Most powerful soft skills for resume and how to include them
No matter what industry you work in, or at what level, there are many reasons you should understand what soft skills for resume are and why they are deemed necessary by employers. Soft skills are non-technical skills, the types of things that you pick up in practice. You don’t get a certificate or diploma to say you’ve mastered them, so instead, you have to show a potential employer.
That’s the tricky part: demonstrating you have a skill to someone using only words on a piece of paper. But there are ways to imply you’ve mastered many of the common soft skills employers regularly look for.
List of 6 Top Soft Skills for Resume
Below we’ve outlined some of the most popular job qualifications with tips on how to demonstrate you possess them.
1. Communication
Communication skills are broken up into multiple categories, but for written communication skills you can easily show you have them with a well-written, grammatically correct job application. Reread everything twice, or have someone else give it a second set of eyes, to ensure it’s accurate.

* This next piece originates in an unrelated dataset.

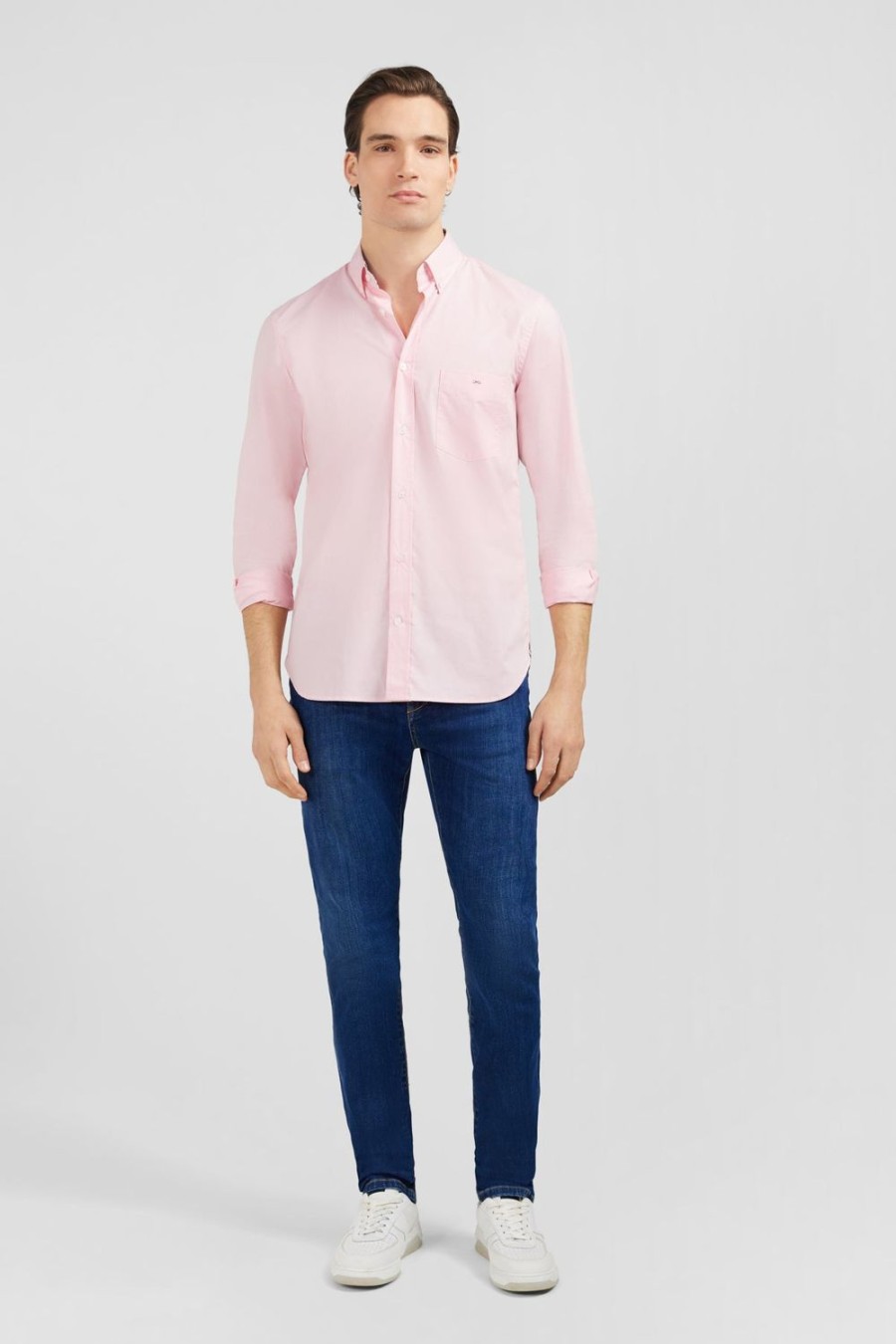 Eden Park Pink Shirt With Floral Elbow Patches | Shirts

Verbal communication skills, though imperative soft skills for resume, are a bit harder to show on paper. Think about specific times you communicated verbally: Do you host a regularly cadenced meeting? Have you completed a project with members across different offices? These are the stories that show you can effectively communicate, both in speech and in writing.
2. Teamwork
Working on a team is something you’re taught from a young age. But showing you’re an asset to a team is another thing altogether. If you’ve ever managed a team, include that, but if not, think about team successes you’ve led or had a major role in. Teamwork is about communication, compromise, delegation and trust. Tell a story about the time that you really exemplified those things, which in turn was a success for the team as a whole.
3. Problem-solving
Staying calm under pressure and being able to effectively come up with solutions to problems is arguably one of life’s best skills. To introduce this as soft skills for resume, include a scenario about a project that changed course halfway through but you came up with a way to keep it on track, or a time when there was a major roadblock but your quick thinking solved the issue.
4. Time management
We live in a deadline-driven society, so keeping things on track and efficiently managing time is key. Think about times that you worked on multiple projects with multiple deadlines. Successfully working on projects or tasks simultaneously shows you know how to prioritize your time efficiently and effectively. And since most, if not all, tasks have deadlines, include something like “on time”, “on schedule” or something similar when describing an important project or task. Using this language repeatedly shows a pattern of meeting or exceeding deadlines, which will create a theme that you’re a time management pro.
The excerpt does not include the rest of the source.